Mowa miłości, czyli Jerzy Owsiak
  • Bronisław WildsteinAutor:Bronisław Wildstein

Mowa miłości, czyli Jerzy Owsiak

Dodano:   /  Zmieniono: 
Mowa miłości, czyli Jerzy Owsiak
Mowa miłości, czyli Jerzy Owsiak

Jeżeli gdziekolwiek spotkacie TV Republikę, to gońcie, gońcie dziadygów. To zła telewizja, zła, kolejna, która sączy tylko nienawiść, nienawiść, nienawiść, nienawiść [...]. Wiecie, kto tak robił, to jest w filmie »Czas honoru«. To właśnie tacy ludzie to robili, tacy, którzy budowali ówczesną Polskę. Nam się wydawało, żeśmy komunizm obcięli... Takim! Właśnie ci ludzie, którzy nauczyli się tych metod, pisania artykułów nienawistnych, tego ganiania za nienawiścią, oskarżania ludzi [...] to jest właśnie ten sposób myślenia. Niezatarty za czasów komuny”.

Oto wypowiedź, którą Jerzy Owsiak nagrał na swoim wideoblogu. Zachowanie twórcy Wielkiej Orkiestry Świątecznej Pomocy wywołane było pytaniem dziennikarza TV Republika o brak rozliczenia 10 mln z ostatniej zbiórki na aparaturę medyczną dla chorych dzieci. Pierwszy zainteresował się tym bloger „MatkaKurka”, którego Owsiak za informacje w tej kwestii podał do sądu, domagając się jednocześnie utajnienia rozprawy. Na pytanie dziennikarza TV Republika o faktury, bluznął na temat „idiotycznych pytań z dupy”, przerwał rozmowę i nakazał swojej ochronie wyrzucić naszą ekipę.

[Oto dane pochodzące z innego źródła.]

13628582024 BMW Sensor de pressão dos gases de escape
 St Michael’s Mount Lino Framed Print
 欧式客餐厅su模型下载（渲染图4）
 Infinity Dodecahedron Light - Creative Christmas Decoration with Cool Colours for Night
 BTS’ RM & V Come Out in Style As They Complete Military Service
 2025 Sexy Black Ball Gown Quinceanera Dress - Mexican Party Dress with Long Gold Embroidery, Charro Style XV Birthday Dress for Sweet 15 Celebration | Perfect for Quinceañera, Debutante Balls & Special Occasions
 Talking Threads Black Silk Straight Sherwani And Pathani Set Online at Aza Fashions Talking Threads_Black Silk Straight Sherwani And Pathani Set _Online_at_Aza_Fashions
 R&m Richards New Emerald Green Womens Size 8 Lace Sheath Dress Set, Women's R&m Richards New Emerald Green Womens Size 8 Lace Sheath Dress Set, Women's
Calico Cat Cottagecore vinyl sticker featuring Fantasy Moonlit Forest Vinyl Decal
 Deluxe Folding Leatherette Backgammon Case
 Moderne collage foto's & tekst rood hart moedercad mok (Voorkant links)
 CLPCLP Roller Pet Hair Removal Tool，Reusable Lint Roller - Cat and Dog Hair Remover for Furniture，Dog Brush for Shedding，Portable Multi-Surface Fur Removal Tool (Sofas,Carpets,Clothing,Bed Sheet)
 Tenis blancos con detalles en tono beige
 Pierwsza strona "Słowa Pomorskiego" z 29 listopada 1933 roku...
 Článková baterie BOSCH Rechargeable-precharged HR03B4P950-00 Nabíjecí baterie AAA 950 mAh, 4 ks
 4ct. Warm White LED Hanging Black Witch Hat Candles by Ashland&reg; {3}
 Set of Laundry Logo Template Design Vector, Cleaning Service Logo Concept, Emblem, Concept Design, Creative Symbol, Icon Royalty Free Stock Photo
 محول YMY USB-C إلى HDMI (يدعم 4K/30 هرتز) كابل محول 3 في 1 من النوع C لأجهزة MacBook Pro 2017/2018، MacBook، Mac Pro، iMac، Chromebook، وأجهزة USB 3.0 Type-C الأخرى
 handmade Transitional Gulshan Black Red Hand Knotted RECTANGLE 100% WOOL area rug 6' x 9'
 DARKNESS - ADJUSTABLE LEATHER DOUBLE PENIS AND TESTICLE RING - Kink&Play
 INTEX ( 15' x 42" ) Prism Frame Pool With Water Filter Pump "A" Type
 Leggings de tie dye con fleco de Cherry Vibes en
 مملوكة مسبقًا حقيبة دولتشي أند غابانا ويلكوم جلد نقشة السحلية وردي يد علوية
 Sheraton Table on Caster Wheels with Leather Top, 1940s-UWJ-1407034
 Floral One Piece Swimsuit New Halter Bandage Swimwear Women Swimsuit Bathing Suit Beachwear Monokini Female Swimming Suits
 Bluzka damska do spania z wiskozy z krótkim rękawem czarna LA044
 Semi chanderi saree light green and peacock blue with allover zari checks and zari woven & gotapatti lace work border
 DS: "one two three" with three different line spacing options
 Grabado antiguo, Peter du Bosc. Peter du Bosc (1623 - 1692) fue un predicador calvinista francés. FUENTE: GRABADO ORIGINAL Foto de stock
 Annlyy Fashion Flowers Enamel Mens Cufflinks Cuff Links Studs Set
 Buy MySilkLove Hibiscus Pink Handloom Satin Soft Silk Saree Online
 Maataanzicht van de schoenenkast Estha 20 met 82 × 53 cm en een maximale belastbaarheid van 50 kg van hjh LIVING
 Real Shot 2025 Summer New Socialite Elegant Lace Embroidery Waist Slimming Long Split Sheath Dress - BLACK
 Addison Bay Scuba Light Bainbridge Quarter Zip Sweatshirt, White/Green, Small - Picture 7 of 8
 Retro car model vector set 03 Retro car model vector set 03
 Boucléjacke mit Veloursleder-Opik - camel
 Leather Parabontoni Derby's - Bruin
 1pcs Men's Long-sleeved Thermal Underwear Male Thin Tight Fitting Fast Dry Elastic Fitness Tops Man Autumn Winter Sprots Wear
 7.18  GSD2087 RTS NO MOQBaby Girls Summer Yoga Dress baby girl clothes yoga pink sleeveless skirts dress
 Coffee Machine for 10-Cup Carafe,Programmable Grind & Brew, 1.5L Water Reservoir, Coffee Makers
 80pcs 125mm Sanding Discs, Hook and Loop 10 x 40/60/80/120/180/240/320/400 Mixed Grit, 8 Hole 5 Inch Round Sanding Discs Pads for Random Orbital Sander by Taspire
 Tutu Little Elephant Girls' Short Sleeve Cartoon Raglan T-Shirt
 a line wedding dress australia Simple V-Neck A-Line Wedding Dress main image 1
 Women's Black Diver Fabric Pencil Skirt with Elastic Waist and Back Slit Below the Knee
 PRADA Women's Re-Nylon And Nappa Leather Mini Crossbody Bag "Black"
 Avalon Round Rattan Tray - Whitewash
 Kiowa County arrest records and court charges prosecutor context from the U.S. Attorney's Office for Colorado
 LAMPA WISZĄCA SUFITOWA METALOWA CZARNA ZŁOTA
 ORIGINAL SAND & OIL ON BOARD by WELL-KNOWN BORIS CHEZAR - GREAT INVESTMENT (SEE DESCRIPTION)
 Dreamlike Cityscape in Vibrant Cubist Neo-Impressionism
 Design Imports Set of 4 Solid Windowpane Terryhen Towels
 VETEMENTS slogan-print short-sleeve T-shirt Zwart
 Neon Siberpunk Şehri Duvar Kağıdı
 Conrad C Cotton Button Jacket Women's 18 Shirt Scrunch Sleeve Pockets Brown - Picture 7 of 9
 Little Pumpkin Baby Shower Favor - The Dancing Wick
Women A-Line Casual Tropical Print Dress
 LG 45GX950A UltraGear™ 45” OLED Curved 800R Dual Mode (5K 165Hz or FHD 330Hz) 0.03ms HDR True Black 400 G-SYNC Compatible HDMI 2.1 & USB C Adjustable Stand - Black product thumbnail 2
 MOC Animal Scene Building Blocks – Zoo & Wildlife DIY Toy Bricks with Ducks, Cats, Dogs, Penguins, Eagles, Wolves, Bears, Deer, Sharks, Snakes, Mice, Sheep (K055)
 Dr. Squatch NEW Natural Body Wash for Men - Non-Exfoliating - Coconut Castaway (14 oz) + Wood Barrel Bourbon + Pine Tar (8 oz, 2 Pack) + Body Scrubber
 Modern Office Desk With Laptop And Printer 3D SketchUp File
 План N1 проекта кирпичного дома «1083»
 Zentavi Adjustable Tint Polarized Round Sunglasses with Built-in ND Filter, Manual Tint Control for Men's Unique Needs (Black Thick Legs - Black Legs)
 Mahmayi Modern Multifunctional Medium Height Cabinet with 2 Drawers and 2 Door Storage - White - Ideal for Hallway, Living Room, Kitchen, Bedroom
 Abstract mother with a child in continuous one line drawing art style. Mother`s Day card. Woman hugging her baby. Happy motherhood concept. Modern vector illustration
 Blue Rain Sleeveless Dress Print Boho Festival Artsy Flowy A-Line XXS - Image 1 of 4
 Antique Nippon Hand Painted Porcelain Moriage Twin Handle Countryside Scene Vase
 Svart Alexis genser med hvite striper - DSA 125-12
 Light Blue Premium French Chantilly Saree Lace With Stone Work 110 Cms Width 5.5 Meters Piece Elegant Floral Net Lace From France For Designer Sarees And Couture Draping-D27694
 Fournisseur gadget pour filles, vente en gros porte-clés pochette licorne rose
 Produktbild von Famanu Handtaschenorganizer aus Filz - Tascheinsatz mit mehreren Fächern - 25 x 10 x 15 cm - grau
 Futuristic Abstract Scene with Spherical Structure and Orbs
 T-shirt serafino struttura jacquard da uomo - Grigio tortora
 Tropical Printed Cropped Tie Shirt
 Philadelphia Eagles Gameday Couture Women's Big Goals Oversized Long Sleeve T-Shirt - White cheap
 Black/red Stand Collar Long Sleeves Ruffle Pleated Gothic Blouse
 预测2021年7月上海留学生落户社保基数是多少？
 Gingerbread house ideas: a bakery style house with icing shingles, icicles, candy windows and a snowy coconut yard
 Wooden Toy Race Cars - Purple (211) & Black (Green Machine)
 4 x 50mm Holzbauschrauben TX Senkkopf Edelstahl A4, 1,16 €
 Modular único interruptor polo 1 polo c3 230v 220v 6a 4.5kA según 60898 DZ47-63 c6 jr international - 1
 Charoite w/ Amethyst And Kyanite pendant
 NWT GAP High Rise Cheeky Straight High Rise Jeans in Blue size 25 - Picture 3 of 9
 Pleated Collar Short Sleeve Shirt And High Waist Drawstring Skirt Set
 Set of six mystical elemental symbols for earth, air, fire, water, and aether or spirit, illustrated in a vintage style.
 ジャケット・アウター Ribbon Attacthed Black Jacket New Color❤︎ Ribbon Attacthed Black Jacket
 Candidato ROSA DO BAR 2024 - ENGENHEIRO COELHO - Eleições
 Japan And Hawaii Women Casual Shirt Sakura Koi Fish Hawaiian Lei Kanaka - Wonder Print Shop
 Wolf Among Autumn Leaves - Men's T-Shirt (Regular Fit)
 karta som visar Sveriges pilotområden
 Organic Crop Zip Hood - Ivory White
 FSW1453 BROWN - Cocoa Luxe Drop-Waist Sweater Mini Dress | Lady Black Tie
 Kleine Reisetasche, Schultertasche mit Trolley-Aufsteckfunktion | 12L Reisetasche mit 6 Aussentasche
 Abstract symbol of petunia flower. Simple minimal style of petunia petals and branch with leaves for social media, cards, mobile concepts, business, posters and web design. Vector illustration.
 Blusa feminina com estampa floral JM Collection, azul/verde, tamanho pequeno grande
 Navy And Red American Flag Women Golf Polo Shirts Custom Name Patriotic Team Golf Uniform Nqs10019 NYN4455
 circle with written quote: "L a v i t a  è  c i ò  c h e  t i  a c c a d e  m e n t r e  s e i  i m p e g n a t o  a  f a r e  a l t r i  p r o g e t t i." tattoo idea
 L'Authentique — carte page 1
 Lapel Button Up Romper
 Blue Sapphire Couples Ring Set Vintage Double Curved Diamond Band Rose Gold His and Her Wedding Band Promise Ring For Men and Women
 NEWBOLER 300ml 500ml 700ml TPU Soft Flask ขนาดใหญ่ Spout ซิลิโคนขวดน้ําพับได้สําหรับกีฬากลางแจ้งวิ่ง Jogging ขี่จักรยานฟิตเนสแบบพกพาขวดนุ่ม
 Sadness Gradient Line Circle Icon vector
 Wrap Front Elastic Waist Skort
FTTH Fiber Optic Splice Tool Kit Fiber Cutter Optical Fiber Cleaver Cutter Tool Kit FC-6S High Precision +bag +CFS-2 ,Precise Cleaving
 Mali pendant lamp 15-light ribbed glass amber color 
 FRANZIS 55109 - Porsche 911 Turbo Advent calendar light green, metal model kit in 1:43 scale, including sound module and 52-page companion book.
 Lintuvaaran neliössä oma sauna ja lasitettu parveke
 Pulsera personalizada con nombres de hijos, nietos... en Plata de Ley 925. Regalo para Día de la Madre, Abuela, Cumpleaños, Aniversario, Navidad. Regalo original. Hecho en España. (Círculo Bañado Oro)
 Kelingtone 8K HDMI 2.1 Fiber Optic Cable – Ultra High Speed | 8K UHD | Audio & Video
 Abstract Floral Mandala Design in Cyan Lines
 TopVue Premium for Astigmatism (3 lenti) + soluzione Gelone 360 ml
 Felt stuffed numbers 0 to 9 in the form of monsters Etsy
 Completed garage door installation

Owsiak wykreowany został na świętego III RP. Jego charytatywne działania są skutecznie wzmacniane przez dominujące media, tak że przesłaniają wszystkie inne, a zwykły obywatel nie wie na przykład, iż kościelny Caritas przeprowadza podobne akcje na znacznie większą skalę.

Pomoc chorym (dzieciom) jest z pewnością godna najwyższego szacunku. Rzecz w tym, że Owsiak sprzedaje ją wraz z ideologią, która szacunku tego wzbudzać już nie może. Jego przesłanie to posthippisowskie „róbta, co chceta”, którego demonstracją ma być Przystanek Woodstock. Sprowadza się ono do tezy, że jeśli uwolnimy się z gorsetu kultury, to na świecie zapanują wolność, miłość i braterstwo. Jednak pod szyldem wszechogarniającej miłości Owsiak i jego akolici nie tolerują krytyki oraz odmiennych przekonań. Na Przystanku Woodstock prelegenci i „autorytety” są rygorystycznie selekcjonowani.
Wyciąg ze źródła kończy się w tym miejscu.